Transcriptome analyses of human intestinal epithelial NCM460 cells after CS AF stimuli. (A), Correlation heatmap analysis between CS AF-treated cells (n = 3) and VD AF-treated cells (n = 3). (B), PCA score plots for differentiating the genes in each group. (C), Volcano plot showing the differentially expressed genes (DEGs) in the CS AF-treated group (n = 3) and VD AF-treated cells (n = 3). Red dots represent the DEGs up-regulated in the CS AF-treated cells, and green dots represent the DEGs down-regulated in the CS AF-treated cells. (D), KEGG classification analysis of DEGs. (E), Validation of DEGs between CS AF-treated group (n = 3) and VD AF-treated group (n = 3) using RT-qPCR. The change in fold-expression was calculated by the 2-∆∆CT method using GAPDH as a reference gene. Error bars represent SEM. **p < 0.01, ***p < 0.001, ****p < 0.0001.

Figure 6

Correlation analyses of differential transcripts and metabolites. (A), Heat map comparing the expression of DEGs between CS AF- (n = 3) and VD AF-treated (n = 3) human intestinal epithelial NCM460 cells.

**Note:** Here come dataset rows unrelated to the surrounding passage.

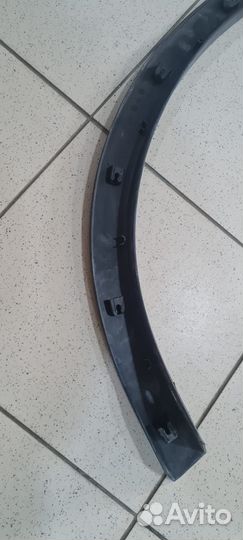 Nissan X-Trail T32 Накладка заднего крыла правая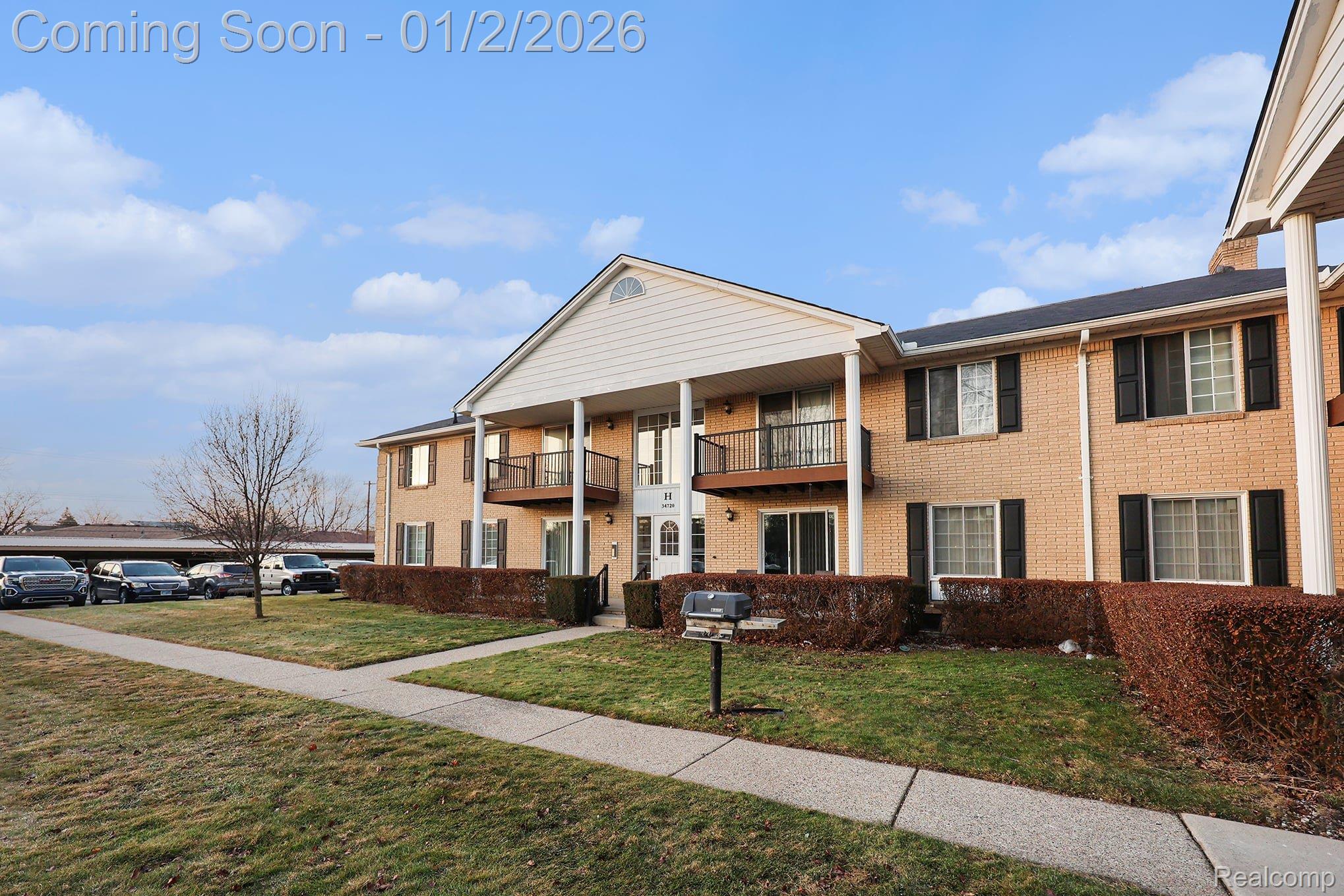 34720 Huntley Drive H 22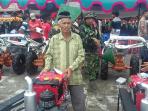 arsyad-daeng-pali-petani-takalar-traktor-menteri-pertanian_20160315_234746.jpg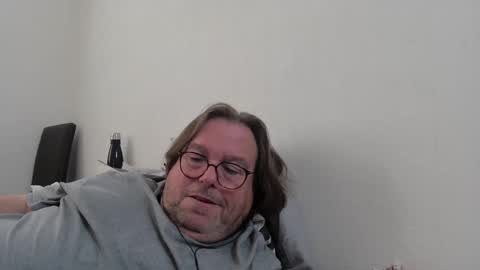 Agias online show from March 11, 2025, 11:33 am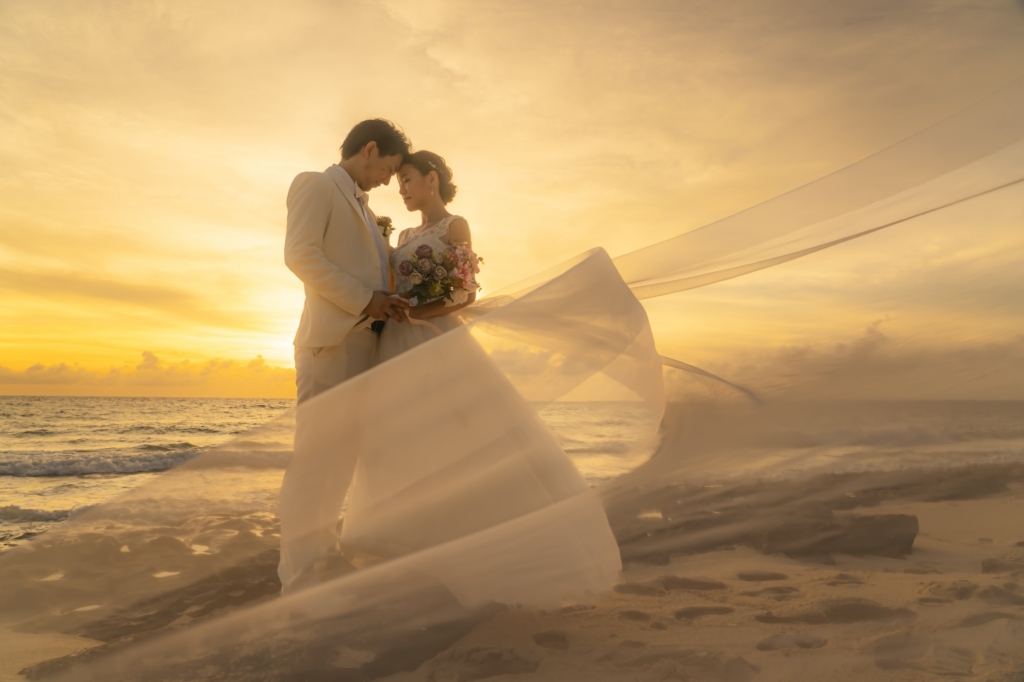 宮古島のフォトウェディング_宮古島ウェディングフォトは前撮り/結婚写真/結婚式/ビーチウェディングフォト/ビーチ挙式/ドローン撮影も対応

In the heat map, yellow represents high expression, and blue represents low expression. (B), Gene Set Enrichment Analysis (GSEA) for the potential altered pathways between CS AF- and VD AF-treated NCM460 cells. (C), KEGG pathway enrichment analysis indicated that the lysosome, glycosaminoglycan degradation, and complement and coagulation cascades were significantly enriched by DEGs. (D), Validation of DEGs involved in above pathways between CS AF- (n = 3) and VD AF-treated (n = 3) group by using RT-qPCR. The change in fold-expression was calculated by the 2-∆∆CT method using GAPDH as a reference gene. Error bars represent SEM. **p < 0.01; ***p < 0.001. (E), Correlation-based joint analysis between the representative differentially expressed metabolites (DEMs) and DEGs.

Figure 7

CS abrogated IL-6 signaling through inhibition of both STAT3 protein and STAT3 phosphorylation. (A), Relative mRNA expression of STAT3 in CS AF-treated (n = 3) NCM460 intestinal epithelial cells compared to VD AF-treated group (n = 3); (B), Immunoblotting analyses of the expression of STAT3 and p-STAT3 in colon of CS pups; (C), IL-6 levels in AF samples of CS women (n = 7) compared to the VD women (n = 7); (D), IL-10 and TNF-α levels in serum of CS-born cord blood from CS women (n = 7) compared to VD women (n = 7). Correlation analyses of AF vitamin D2 glucosiduronate and levels of IL-10 (E) and TNF-α (F) in the cord blood. Significance calculated with a two-tail student’s t test. Error bars represent SEM. *p < 0.05, **p < 0.01.